# Remote Controlled Bell Ringer Request



## movierelics (Nov 3, 2009)

Hey Everyone,

I was curious to know if there are any electrical guru's in the audience that could help me with this. I've got an idea for a prop that requires a little upgrading. I need a remote controlled Bell Ringer. Basically the idea is a remote control button that an actor can keep in his pocket and when pushed, it remotely would ring a bell sitting on a table or mounted on a wall somewhere. Now, the bell would need to be activated by two devices. A remote control hidden in the actors pocket and by a foot button hidden on the floor that another actor can press to activate. The activated device would be an actual battery operated bell. If anyone out there has done this before or likes a challenge, please let me know. I'm looking for some advice or tips.


----------



## HomeyDaClown (Oct 3, 2009)

There are lots of inexpensive remote control doorbells that can be hacked to do what you need. You would need one that comes with 2 door remotes so you'd have two controllers.

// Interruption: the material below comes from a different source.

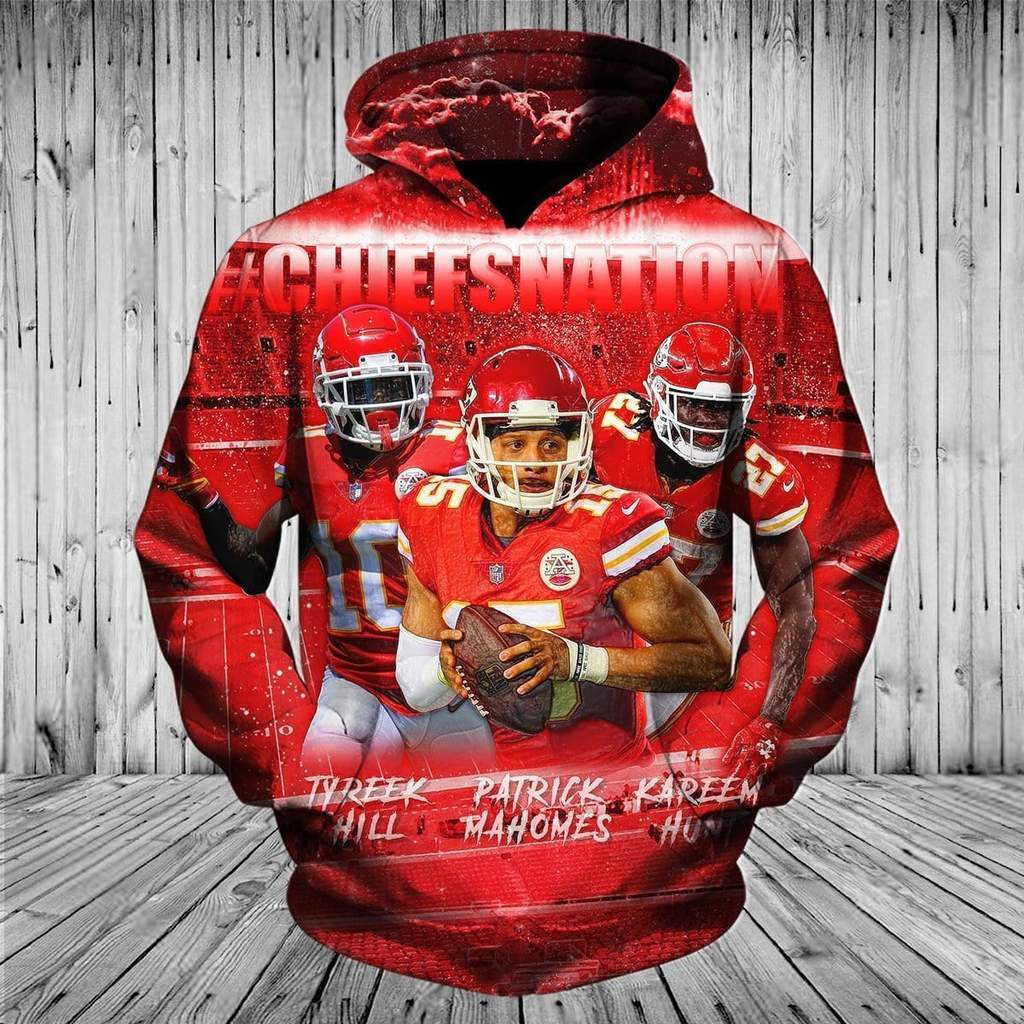 Kansas City Chiefs 3D All Over Print Hoodie, Zip Hoodie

Then just add a mat switch (two wires) across one remote's pushbutton terminals creating a wireless mat switch.

Here's a link to some hacks for remote doorbells:
http://www.hackersbench.com/Projects/ding-dong/main.html


----------



## movierelics (Nov 3, 2009)

Thanks for the post. I think that will do what I'm looking for, plus it will help me learn how to create circuits. You rock!


----------